Gas Prices Seen Headed Lower at the Pump
Steve Hargreaves, CNNMoney
NEW YORK — A surge in gasoline prices earlier this year sparked talk of $5 a gallon by this summer, but prices at the pump have been ticking lower in April, and it appears they’ll continue falling as the driving season approaches.
This rosy scenario is prompted by the fact that the price for one of the most common types of gasoline futures traded in New York has dropped 30 cents, going from over $3.40 a gallon at the beginning of April to $3.10 a gallon Wednesday.
Futures contracts are financial instruments that buyers and sellers of large amounts of gasoline — or any commodity — use to set prices. Analysts say the current drop in gas price futures should begin to appear in gas prices at the service station over the next few weeks.
“We’re certainly going to see prices move lower at this point,” said Stephen Schork, publisher of the industry newsletter the Schork Report. While retail prices are expected to move lower, Schork said the decline might not be as steep those seen in the futures markets.
The main reason for lower gasoline futures prices is the declining cost of Brent crude and other crude oil that gasoline is made from.
Brent crude has dropped from over $125 a barrel in early April to under $120 currently, largely a a result of tensions easing with Iran over its nuclear program. Recent signs of a slowing global economy have also helped push down prices.
Gasoline prices at the pump have begun a similar decline.
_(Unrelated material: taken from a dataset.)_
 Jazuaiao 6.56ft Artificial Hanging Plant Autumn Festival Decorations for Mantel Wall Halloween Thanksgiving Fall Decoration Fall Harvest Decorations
While much hype was made earlier this year about how gas had run up further and faster than any time before and may even reach a new all-time high of over $4.11 gallon, prices have been slowly declining since touching $3.95 a gallon at the beginning of April. Gas prices currently sit at $3.84, according to AAA.
“If we don’t have any supply issues or refinery outages, we’ve seen the highs for the summer,” said Schork.
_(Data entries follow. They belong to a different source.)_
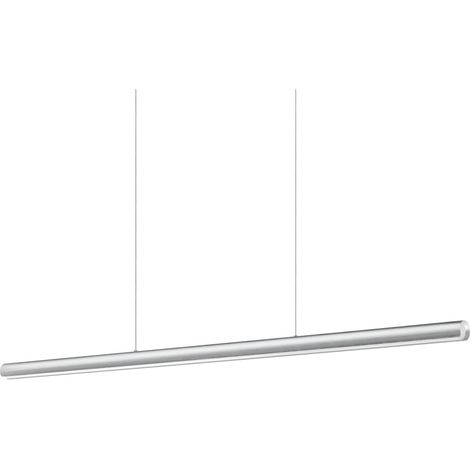 Ideal Lux Sospensione Dorica 1 luce LED integrato acciaio metallo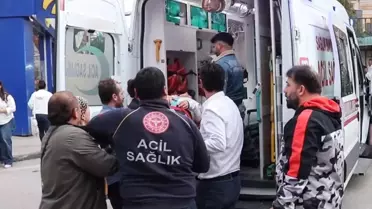 Ünye'de Bisikletli Çocuğa Araç Çarptı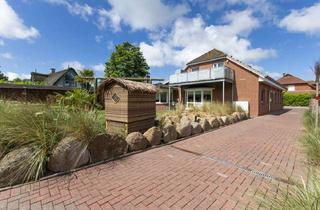 Haus kaufen in 25761 Büsumer Deichhausen, Herzensheim für große Träume – XXL-Haus mit Traumgarten & Wintergarten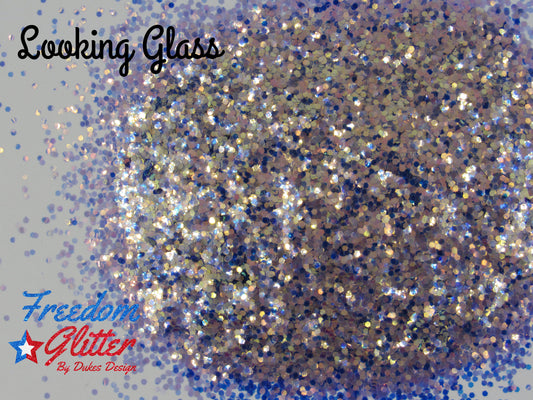 Looking Glass (High Sparkle Iridescent Glitter)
Of course, the first part of that sentence is a major caveat, as Schork and other analysts point out.
Gasoline stockpiles remain low in Europe and along the East Coast of the United States. Demand from the developing world, meanwhile, remains strong.
Furthermore, analysts are watching for potential supply disruptions that could arise if more refineries close on the U.S. East Coast.
Several East Coast refineries have been idled over that last several months. They are having a hard time making money because they can only process light, sweet — and expensive — crude from Europe and Africa.
There’s a chance that some of these refineries could close permanently, talking roughly 50% of the East Coast’s refining capacity offline.
That could potentially cause a shortfall in gasoline supplies at the wholesale level, at least until transportation logistics to bring gasoline up from the Gulf Coast or elsewhere are ironed out.
“Unplanned refinery outages and a further improvement in the US economy could still create further upside risks to gasoline in May and June,” Merrill Lynch analysts wrote in a recent research note.